Abstract

The Théâtre Feydeau, known as the Théâtre de Monsieur for the first three years of its existence under the protection of the Comte de Provence (the future Louis XVIII), opened in 1789 and prospered for the next twelve years, staging an extraordinary mixture of genres: drama, vaudeville, opéra comique, and Italian opera buffa. It was the latter that was the most important genre during the theatre’s early life: thirty-four Italian operas were produced between 1789 and 1792, and their selection and adaptation for Parisian audiences sheds light on our understanding of contemporary taste, and of perceptions of Italian and French music and drama of the period. Alessandro Di Profio’s book is a study of this hybrid genre, and contributes to the growing body of explorations of operatic institutions in post-1789 Paris—Mark Everist’s study of the Odéon; John Drysdale’s volume on the Opéra, Olivier Barra’s work on the Opéra-Comique, and a forthcoming volume of articles on the institutions of opera in France during the nineteenth century, evolving from a conference at the University of North Carolina in September 2004 organized by Annegret Fauser and M. Elizabeth C. Bartlet.

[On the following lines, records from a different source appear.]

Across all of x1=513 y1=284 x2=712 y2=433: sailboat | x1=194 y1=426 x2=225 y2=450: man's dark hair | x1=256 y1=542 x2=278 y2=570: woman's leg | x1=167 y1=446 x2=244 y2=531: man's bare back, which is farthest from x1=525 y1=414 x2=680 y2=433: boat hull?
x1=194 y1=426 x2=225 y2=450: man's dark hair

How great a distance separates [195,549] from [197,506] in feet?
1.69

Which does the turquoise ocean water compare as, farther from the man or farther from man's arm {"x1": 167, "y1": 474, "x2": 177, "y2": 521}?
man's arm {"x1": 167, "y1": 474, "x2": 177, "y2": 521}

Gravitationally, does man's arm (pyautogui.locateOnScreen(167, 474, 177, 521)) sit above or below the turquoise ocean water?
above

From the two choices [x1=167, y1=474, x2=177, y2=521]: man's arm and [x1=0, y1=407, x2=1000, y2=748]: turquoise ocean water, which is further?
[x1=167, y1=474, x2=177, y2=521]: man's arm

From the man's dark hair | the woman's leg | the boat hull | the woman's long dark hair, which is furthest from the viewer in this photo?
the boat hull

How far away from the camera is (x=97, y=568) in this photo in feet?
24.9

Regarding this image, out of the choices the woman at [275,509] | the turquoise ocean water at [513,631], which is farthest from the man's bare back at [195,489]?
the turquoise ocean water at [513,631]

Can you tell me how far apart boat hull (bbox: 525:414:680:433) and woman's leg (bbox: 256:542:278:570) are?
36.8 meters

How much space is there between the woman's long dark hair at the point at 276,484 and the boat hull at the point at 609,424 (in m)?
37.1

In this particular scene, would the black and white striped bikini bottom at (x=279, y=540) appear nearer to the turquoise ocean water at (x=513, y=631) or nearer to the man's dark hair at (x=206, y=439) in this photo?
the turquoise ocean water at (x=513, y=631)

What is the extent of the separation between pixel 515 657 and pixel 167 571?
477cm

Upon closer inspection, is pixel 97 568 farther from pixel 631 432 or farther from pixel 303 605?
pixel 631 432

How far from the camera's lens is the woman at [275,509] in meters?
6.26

Like these other scholars, Di Profio aims to provide a ‘thick’ contextual setting for the Italian operas produced at the Monsieur/Feydeau; he sets out specifically to ‘put into perspective the creation of the Théâtre de Monsieur on the one hand, and the production of Italian opera on the other, highlighting at each step what was at stake politically and culturally’ (p. 8). Like Everist, he is dealing with adaptations rather than new works, which gives him an effective way of establishing how the expectations and tastes of French audiences translated into aesthetic decisions taken by the patrons, directors, musicians, and writers at the Monsieur.